HOW TO COMPLETE THIS TASK>
Below are some records; output all of them exactly as they read.
(RECORDED DATA begins)
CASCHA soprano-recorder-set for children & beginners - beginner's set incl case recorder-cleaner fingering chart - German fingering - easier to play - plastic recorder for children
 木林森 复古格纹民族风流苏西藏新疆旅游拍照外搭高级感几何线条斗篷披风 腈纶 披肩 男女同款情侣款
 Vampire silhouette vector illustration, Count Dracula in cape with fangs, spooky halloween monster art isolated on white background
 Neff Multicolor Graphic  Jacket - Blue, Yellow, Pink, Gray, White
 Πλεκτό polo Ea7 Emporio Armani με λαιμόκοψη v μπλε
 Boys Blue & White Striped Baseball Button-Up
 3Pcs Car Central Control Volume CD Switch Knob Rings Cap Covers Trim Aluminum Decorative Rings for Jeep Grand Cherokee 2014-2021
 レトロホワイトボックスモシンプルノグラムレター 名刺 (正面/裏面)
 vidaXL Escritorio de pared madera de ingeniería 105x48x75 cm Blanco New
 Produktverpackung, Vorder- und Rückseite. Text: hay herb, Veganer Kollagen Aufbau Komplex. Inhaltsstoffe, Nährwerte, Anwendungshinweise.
(RECORDED DATA ends)
OUTPUT OF THE EXERCISE>
CASCHA soprano-recorder-set for children & beginners - beginner's set incl case recorder-cleaner fingering chart - German fingering - easier to play - plastic recorder for children
 木林森 复古格纹民族风流苏西藏新疆旅游拍照外搭高级感几何线条斗篷披风 腈纶 披肩 男女同款情侣款
 Vampire silhouette vector illustration, Count Dracula in cape with fangs, spooky halloween monster art isolated on white background
 Neff Multicolor Graphic  Jacket - Blue, Yellow, Pink, Gray, White
 Πλεκτό polo Ea7 Emporio Armani με λαιμόκοψη v μπλε
 Boys Blue & White Striped Baseball Button-Up
 3Pcs Car Central Control Volume CD Switch Knob Rings Cap Covers Trim Aluminum Decorative Rings for Jeep Grand Cherokee 2014-2021
 レトロホワイトボックスモシンプルノグラムレター 名刺 (正面/裏面)
 vidaXL Escritorio de pared madera de ingeniería 105x48x75 cm Blanco New
 Produktverpackung, Vorder- und Rückseite. Text: hay herb, Veganer Kollagen Aufbau Komplex. Inhaltsstoffe, Nährwerte, Anwendungshinweise.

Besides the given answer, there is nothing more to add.